Monday, February 11, 2008

Day 11 - Real Men Say Om

I am practicing not being offended, and the Universe is really testing my will, throwing a couple wrenches in my We're All One Nothing Offends Me Spoke.

Yoga Things that Piss Me Off, part I:

So while browsing the Yoga section at the Seattle Public Library, I came across this book, Real Men Do Yoga. Within seconds of reading it, I started sneezing. Within minutes of reading it, I started breaking out in hives.

No, you won't have to stand on your head. There will be no strange and painful contortions here.
No chanting. No incense. No gurus.
And, no, it isn't a chick thing.
The first sentences of the introduction are kind of cute, in a, "you're a man, we know you're a man, you are very manly, we acknowledge your manliness" kind of way. I understand that a lot of guys, especially American guys, for one reason or another, are extremely sensitive about their huevos. Sometimes you'd think that they would rather be flattened by a steamroller than to be caught "doing a chick thing".

Since the book is about getting guys to do yoga, I am okay with the "it isn't a chick thing" mantra. And really, yoga is gender agnostic, so anytime anyone does something to extend the reach of yoga is all cool with me. So I hold my breath and read on.

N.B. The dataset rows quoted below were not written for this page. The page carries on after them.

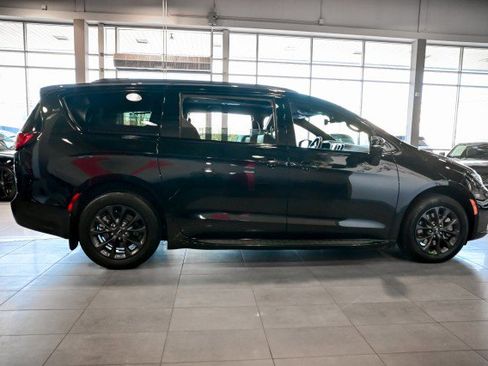 Used 2021 Chrysler Pacifica Touring-L w/ S Appearance Package image 4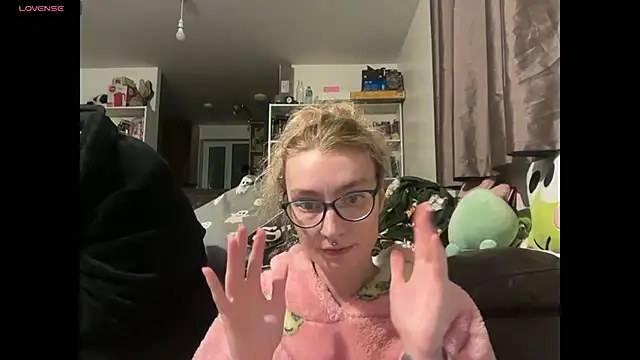 harleyblair online show from 11-27-25, 11:05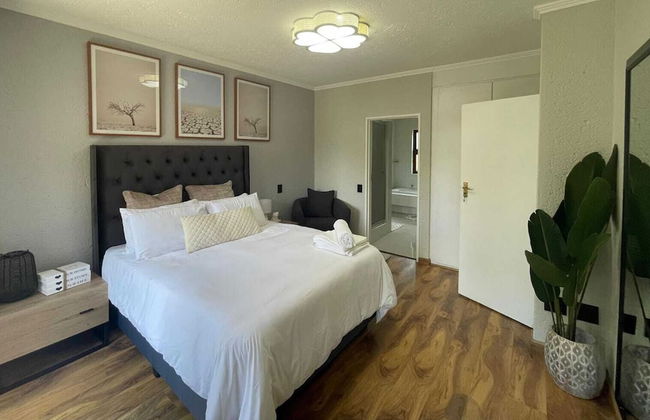 3 Bedroom Apartment in the Heart of Sandton - Photo 3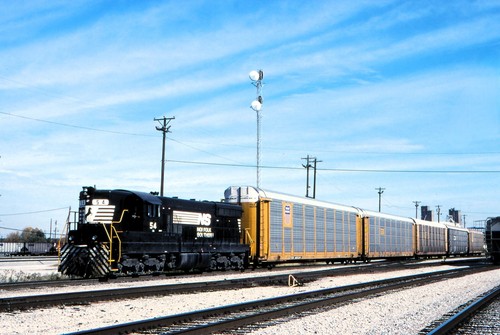 NORFOLK SOUTHERN (NS) SD9m 54 Original Kodak slide--Ex. Nickel Plate (NKP)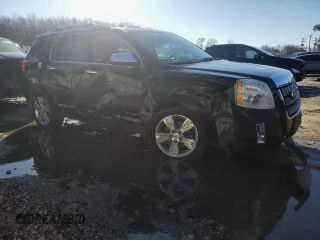 2015 GMC Terrain SLT z VIN 2GKFLYE37F6342357, wystawiony jako Copart lot #44387155 z przebiegiem 78 186 mil mil oraz Szkoda całkowita • Salvage title. Historia ofert i sprzedaży dostępna na DreamBid. Obrazek 4.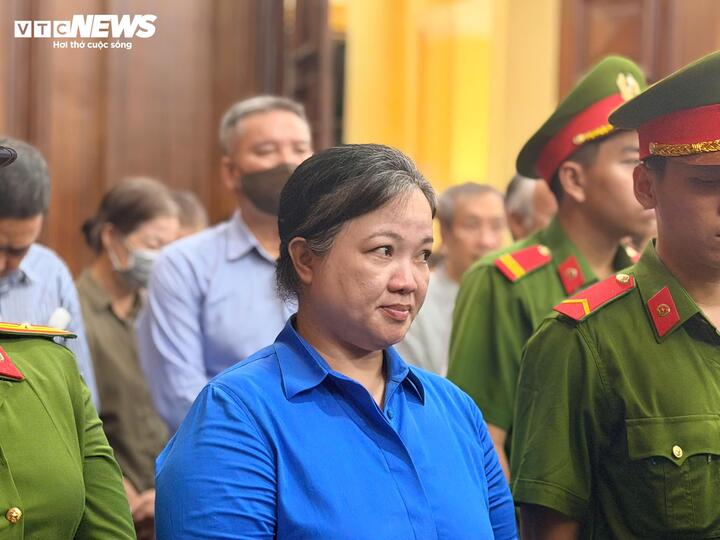 Bị cáo Lê Y Linh, cựu Giám đốc Công ty Việt Tín. (Ảnh: Hoàng Thọ)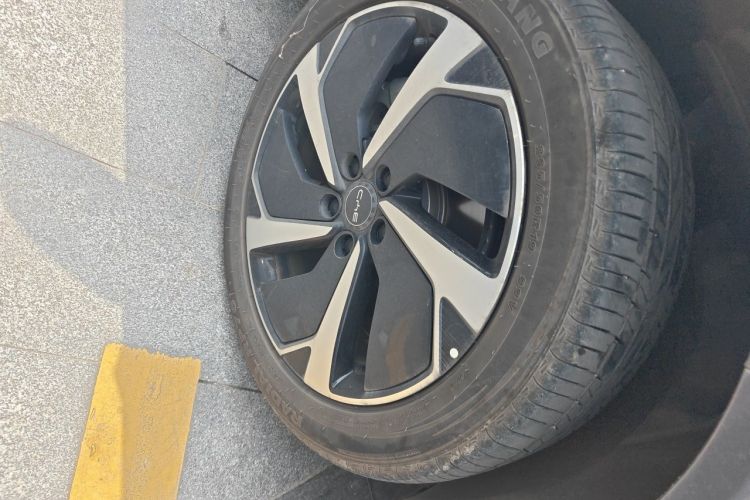Used BYD Sealion 06 New Energy 2025 Model EV 605 Navigation Pro Edition Right Front Wheel Hub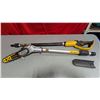 Image 1 : DEWALT DCPS620 20V MAX XR Brushless Cordless Pole Saw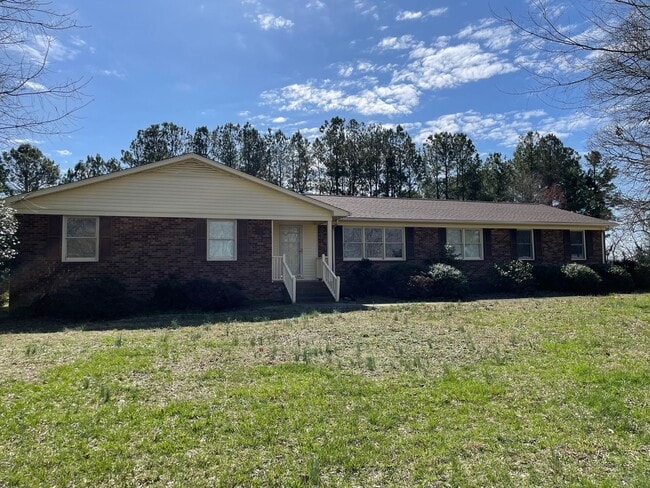 3542 Bethany Church Rd in Franklinville, NC - Foto de edificio - Building Photo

... But we're just going to keep the focus on yoga's fantastic physical and mental benefits, without getting into the more cosmic stuff. So we'll be learning a twenty-first-century American kind of yoga, one that's fun, results-oriented and practical. The way men like things.
GAG ME! Please, someone bring me a barf bag. At this point in the book I am steaming like a kettle, and I feel like snapping my finger over my head, "Oh helllllz no you di'int" and threw the book shut.

Yoga Things that Piss Me Off, part II:


There is this fitness studio downtown Seattle, Slo Body, that I pretty much walk by every day. Today I picked up their brochure and checked out their web site. The home page is a flash page with revolving images of presumably their instructors in various yoga poses, with revolving tag lines, "No incense", "No chanting", "No nonsense", "Know your core", "Blah blah blah", "We blow", "Yogawash".

Only the first four tag lines are real, the rest are from my Annoying Tag Line Radar. I am totally taking the "No nonsense" label personally, it's as if it implies that chanting and incense are nonsensical things.

I can't quite articulate why I'm so easily offended by the tone of the book and the website. The book is well-intentioned. It'll get guys who would not otherwise do yoga to give yoga a chance. And that's all good. And maybe along the way they will get into some spiritual "cosmic" stuff. If the guy is interested, he will learn more and find out about the eight limbs of yoga, not just one or two.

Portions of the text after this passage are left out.